### Exercise directions:
I'd like the data below restated word for word, with the pictures left out.

### The data:

⟨

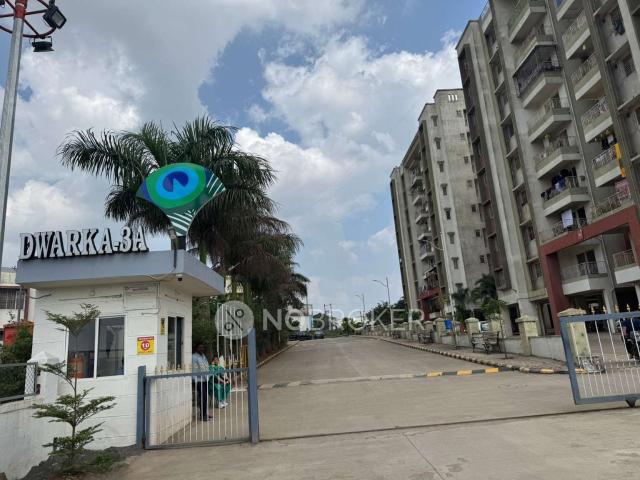 3 BHK Flat In Naiknavare Dwarka For Sale In Talkhed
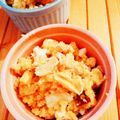 かわゆう1211's cooksnap of when they made 簡単 さつま芋とツナのサラダ.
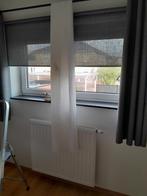 Glasgordijnen, Ophalen of Verzenden, Zo goed als nieuw, Minder dan 50 cm, 200 cm of meer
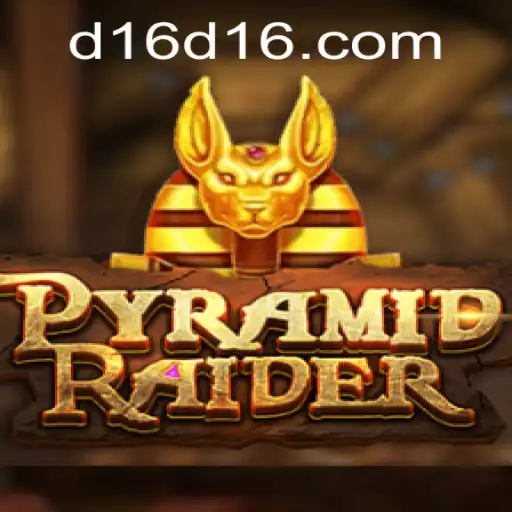 PyramidRaider: Unlocking the Mysteries of the Ancient World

⟩

### Result below:
 3 BHK Flat In Naiknavare Dwarka For Sale In Talkhed
 かわゆう1211's cooksnap of when they made 簡単 さつま芋とツナのサラダ.
 Glasgordijnen, Ophalen of Verzenden, Zo goed als nieuw, Minder dan 50 cm, 200 cm of meer
 PyramidRaider: Unlocking the Mysteries of the Ancient World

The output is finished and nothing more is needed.